I was 9 months clean and sober when I was first published in this X-Meth column in 2007. That means I recently came up on five years of continuous sobriety, which is a freakin’ miracle, considering I couldn’t lay off of the pnp for more than a day towards the end of my drinking and using.
They say your head pops out of your ass after five years. They tell you not to kill yourself in the first five years because you could be killing the wrong person---at five, you’re no longer a newcomer, and great things start to happen. They also say a five-year mark means you’ve been sober for so long that you can’t imagine drinking or using, but not long enough that you can’t imagine never drinking or using again—ever. That means your head can easily pop back in, what rubs off can also rub back on, you can’t keep clean in yesterday’s shower and so the work continues.
All I can say is that my life is so much better clean and sober—period. Every aspect of my existence has improved in sobriety. I’m in great shape. I’m emotionally present for the people I love. I’m able to show up for work and even though I can still be a little crazy, I also enjoy a serenity that I could never find at the bottom of a glass, or on the edge of a crusty straw—plain and simple.
I think back to the drama, the hangovers, the horrible crashing and burning and all the money I pissed away at bars—not to mention the danger I put myself in when scoring dope and—sobriety is so much better. The party had its place, but all that can add up to a miserable existence, which will eventually lead to prison, mental institution or untimely death—no doubt.
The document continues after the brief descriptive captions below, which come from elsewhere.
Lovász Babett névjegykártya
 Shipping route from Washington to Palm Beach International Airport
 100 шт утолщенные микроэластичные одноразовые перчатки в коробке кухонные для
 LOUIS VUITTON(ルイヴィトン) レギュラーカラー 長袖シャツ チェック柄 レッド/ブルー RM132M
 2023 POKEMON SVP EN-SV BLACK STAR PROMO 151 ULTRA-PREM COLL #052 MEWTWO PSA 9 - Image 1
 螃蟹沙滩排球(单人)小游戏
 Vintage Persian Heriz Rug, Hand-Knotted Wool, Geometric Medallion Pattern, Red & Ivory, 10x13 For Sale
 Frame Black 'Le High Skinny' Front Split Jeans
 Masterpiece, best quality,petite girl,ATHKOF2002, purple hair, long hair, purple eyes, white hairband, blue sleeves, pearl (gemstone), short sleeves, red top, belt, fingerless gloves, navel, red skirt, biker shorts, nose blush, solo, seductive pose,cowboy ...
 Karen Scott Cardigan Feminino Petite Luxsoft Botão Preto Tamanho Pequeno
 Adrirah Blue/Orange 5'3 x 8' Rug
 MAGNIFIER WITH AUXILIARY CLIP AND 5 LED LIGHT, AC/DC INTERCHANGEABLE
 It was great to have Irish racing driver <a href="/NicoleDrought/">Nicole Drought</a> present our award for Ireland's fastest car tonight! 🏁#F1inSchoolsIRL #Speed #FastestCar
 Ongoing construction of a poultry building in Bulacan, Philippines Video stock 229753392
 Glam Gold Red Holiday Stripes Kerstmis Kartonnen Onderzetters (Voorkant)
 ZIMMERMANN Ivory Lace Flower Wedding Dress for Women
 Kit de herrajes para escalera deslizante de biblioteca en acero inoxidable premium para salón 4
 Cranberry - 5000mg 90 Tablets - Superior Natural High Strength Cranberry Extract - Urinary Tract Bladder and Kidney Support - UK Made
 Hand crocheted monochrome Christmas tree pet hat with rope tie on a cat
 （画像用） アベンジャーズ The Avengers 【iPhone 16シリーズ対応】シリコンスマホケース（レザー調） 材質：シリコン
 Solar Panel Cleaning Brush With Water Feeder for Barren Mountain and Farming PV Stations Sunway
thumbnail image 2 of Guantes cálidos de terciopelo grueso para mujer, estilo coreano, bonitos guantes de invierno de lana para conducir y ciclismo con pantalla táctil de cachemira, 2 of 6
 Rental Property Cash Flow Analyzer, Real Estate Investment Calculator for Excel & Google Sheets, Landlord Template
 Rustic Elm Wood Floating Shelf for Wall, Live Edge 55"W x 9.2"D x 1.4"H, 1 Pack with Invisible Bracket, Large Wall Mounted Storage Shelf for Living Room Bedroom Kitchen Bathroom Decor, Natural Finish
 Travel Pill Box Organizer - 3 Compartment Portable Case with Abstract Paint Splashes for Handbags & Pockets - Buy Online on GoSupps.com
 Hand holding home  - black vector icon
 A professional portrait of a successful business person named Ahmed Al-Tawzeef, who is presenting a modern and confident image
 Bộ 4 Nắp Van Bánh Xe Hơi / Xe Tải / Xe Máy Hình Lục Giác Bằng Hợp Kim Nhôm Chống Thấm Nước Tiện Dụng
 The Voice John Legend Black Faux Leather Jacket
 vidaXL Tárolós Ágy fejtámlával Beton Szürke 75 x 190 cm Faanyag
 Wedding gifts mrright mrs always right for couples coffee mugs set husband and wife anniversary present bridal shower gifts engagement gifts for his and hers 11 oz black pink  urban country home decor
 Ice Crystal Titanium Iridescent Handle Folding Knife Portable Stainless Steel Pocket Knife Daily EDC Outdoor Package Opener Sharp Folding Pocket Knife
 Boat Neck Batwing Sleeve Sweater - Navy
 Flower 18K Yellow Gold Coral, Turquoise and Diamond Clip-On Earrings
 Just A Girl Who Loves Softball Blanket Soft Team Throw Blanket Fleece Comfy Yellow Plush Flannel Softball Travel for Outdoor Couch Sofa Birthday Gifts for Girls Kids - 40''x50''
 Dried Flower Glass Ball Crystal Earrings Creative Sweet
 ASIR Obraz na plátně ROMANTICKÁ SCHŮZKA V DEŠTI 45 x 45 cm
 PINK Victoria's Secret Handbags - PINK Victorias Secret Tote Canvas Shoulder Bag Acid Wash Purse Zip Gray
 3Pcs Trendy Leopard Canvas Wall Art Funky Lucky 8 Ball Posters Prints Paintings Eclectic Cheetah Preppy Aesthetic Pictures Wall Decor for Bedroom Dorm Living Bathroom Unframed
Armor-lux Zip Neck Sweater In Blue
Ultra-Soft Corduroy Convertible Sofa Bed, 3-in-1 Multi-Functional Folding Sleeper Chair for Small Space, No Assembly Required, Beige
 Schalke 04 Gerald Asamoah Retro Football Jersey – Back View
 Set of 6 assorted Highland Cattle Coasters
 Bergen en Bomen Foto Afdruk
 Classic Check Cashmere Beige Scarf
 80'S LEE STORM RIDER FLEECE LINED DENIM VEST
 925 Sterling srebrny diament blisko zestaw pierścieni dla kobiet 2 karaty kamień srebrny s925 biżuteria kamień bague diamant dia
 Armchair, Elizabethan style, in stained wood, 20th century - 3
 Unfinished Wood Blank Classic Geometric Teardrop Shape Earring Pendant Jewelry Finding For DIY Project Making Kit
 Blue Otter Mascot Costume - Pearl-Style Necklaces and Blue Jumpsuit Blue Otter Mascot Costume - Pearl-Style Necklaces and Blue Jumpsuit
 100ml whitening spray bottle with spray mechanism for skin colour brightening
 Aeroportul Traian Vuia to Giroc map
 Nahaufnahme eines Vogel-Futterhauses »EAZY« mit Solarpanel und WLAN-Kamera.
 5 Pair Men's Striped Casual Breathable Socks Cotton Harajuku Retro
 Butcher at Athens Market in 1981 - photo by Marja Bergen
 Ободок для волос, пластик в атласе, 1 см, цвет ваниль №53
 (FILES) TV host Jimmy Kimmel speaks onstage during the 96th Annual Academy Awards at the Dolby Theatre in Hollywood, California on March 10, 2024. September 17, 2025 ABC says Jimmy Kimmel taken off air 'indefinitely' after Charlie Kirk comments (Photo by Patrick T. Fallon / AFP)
At five years, my obsession to drink and use has been lifted. I’m no longer a white-knuckling addict/alcoholic who can’t stop thinking about getting high---I’m not saying that I’m cured, for there is no finish line in recovery; however, today I’m not so consumed with what it was like. I find myself more invested in what it’s like now and moving forward.
What else can I say? I’m so damn grateful for every moment of my sobriety. Life happens, so it hasn’t always been easy; I’m no saint, so I haven’t done it perfectly, and I couldn’t do it on my own. Yet I’m here and I’m grateful to the universe, and a long list of people. I also want to thank this X-Meth column for giving me a platform to check in from time to time. Writing about my sobriety has helped me turn those nine months into five years. And it feels great---on that note, if you’re reading this and you’re tired of being tired, then sobriety can be good for you too. So make that first move.